Das Amt des Polizeipräsidenten war und ist für die Stadt von außerordentlicher Bedeutung. Der jeweilige Polizeipräsident stand immer im Licht der Öffentlichkeit und damit auch der Kritik, denn die öffentliche Sicherheit wird – leider zu Unrecht – als ausschließliche Aufgabe der Polizei empfunden.
Trotzdem hatte die (West-)Berliner Polizei in der Zeit von 1945 bis 1992 lediglich fünf Präsidenten. Doch mit Ausnahme von Georg Moch, der schon bei Dienstantritt durch Kriegsverletzungen schwerbehindert war und deshalb innerhalb von Jahresfrist aus Gesundheitsgründen ausschied, gerieten alle übrigen Präsidenten bei der Ausübung ihrer Funktion mit den zuständigen Politikern in starke Konflikte.

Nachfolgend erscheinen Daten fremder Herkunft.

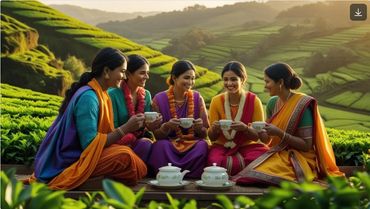 Five women in colorful traditional attire enjoying tea amidst lush green hills.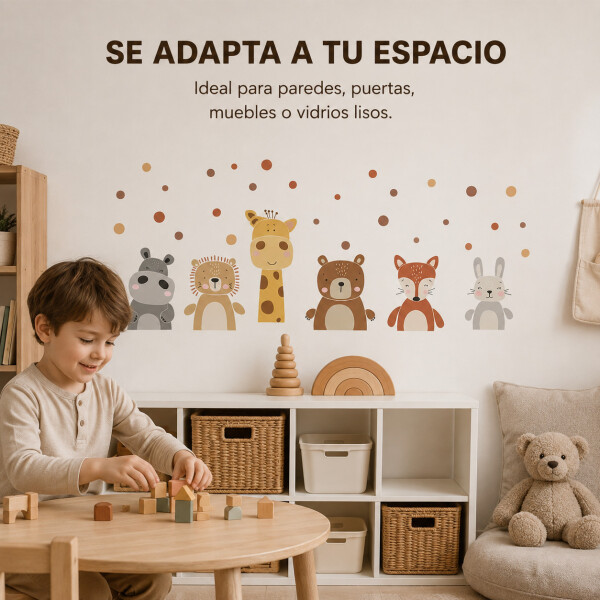 Vinilo Decorativo Infantil Animales de la Selva 60 x 30 cm Marrón 1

Nach der bedingungslosen Kapitulation am 8. Mai 1945 beauftragten die Sowjets bereits am 19. Mai 1945 Oberst Paul Markgraf, ein Mitglied des Nationalkomitees Freies Deutschland, mit der Leitung des im Ostsektor gelegenen Polizeipräsidiums. Er war schon in Moskau auf diese Aufgabe vorbereitet und dann eingeflogen worden. Alle wesentlichen Funktionen wurden mit Kommunisten oder linientreuen Personen besetzt.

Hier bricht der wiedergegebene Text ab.